National Post

Is moving really the worst?

- Jonathan Goldstein

Friday. 6 a.m. I have the day off for moving, and it feels like a holiday: the sense of expectatio­n, wrapping things. It’s a little like Christmas.

“Why did you use $10 worth of bubble wrap to wrap a 10-year-old toilet plunger?” Emily asks.

“Plungy and I have had some good times,” I say.

6:40 a.m. The very large Russian movers are here. The smallest one, who is still twice my size, introduces himself as Otto. Judging by the clipboard he is carrying, he appears to be the foreman. He shakes my hand with a grip like a vintage double spring groundhog trap.

7:10 a.m. Although the movers are complete strangers, I feel compelled to ingratiate myself. After a half hour, it’s like we’re in it together – long lost brothers. I’m sure this instinct serves some Darwinian purpose. If we were in the wild, I would be the bespectacl­ed sloth eating parasites from the largest one’s underside.
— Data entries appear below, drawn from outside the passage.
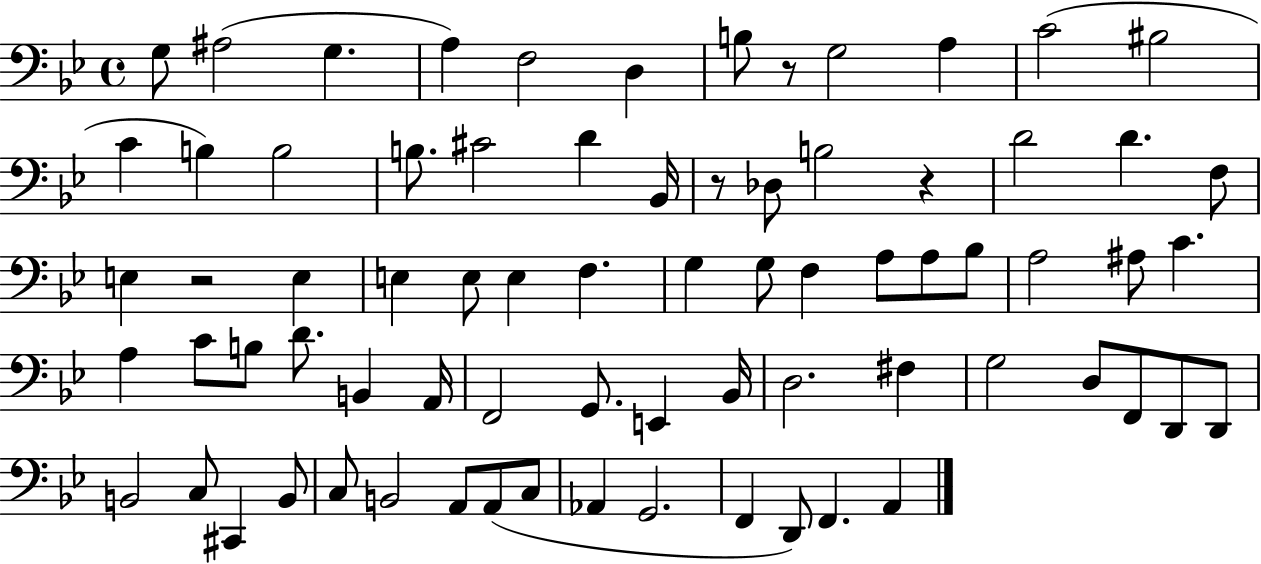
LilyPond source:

{
  \clef bass
  \time 4/4
  \defaultTimeSignature
  \key bes \major
  g8 ais2( g4. | a4) f2 d4 | b8 r8 g2 a4 | c'2( bis2 | \break c'4 b4) b2 | b8. cis'2 d'4 bes,16 | r8 des8 b2 r4 | d'2 d'4. f8 | \break e4 r2 e4 | e4 e8 e4 f4. | g4 g8 f4 a8 a8 bes8 | a2 ais8 c'4. | \break a4 c'8 b8 d'8. b,4 a,16 | f,2 g,8. e,4 bes,16 | d2. fis4 | g2 d8 f,8 d,8 d,8 | \break b,2 c8 cis,4 b,8 | c8 b,2 a,8 a,8( c8 | aes,4 g,2. | f,4 d,8) f,4. a,4 | \break \bar "|."
}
I offer a mover with an especially hang dog expression a glass of water. He sloshes it back, the cigarette in the corner of his mouth still dangling from his lower lip. I smile. Then laugh. It feels like a trick learned from his days in the Russian circus where he performed in a bear costume alongside real bears. He hands me back the bowl, returns to working and all the while, his expression never changes.

8 a.m. “This was under the couch,” says Otto.
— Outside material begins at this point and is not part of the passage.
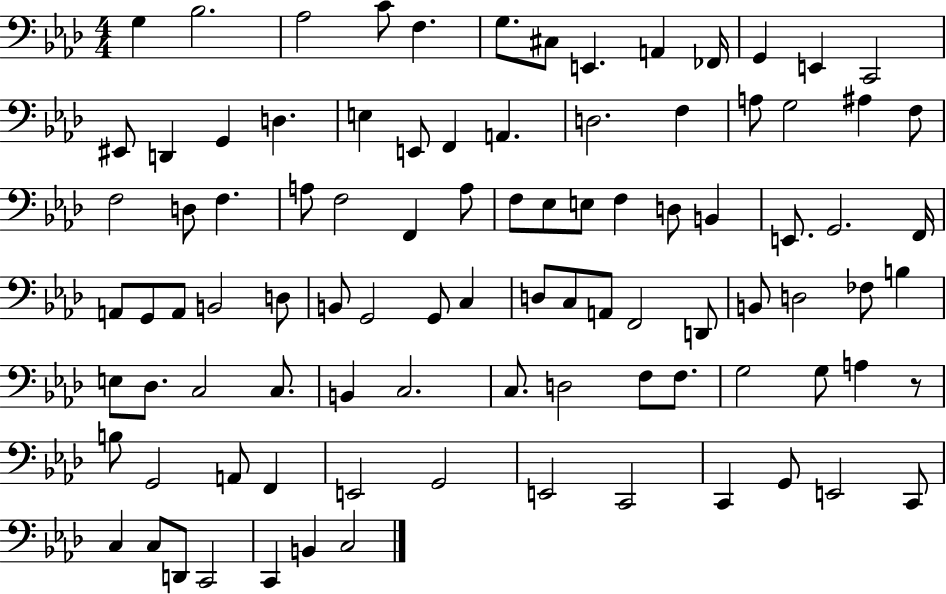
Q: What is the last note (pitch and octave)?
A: C3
He hands me a crossword puzzle torn from the newspaper. By the looks of the date, I started it over two years ago. I’d only gotten about three words in. Another project unfinished. I thank him for it and place it in my back pocket. 8:05 a.m. Otto barks orders at the others who sluggishly obey. They tote boxes, couches and plungers with the same look of stoic indifferen­ce.

Otto says something unintellig­ible to a man who has what appears to be rake marks across the top of his bald head. They begin to argue. “Everything ok?” I ask. “He thinks you move toilet,” says Otto. I laugh, thinking this is some kind of joke. But in in the hallway I ask Emily to Google “the toilet stays in the apartment” in Russian. She tells me to go downstairs and watch our stuff on the curb. 8:35 a.m. There’s nothing to make a man feel more useless than seeing his belongings on a curbside. When the movers come down, I skitter to the side. Skittering comes natural to me. 8: 55 a. m. Bored on the stoop, I pull out the crossword puzzle and get to work. A five-letter word for insignific­ant. Nothing comes to mind. 9:00 a.m. Emily calls me back upstairs. It’s time to say goodbye to the apartment. It feels silly, but I say it anyway. We leave the keys on the window sill and close the door. We leave it unlocked, just in case.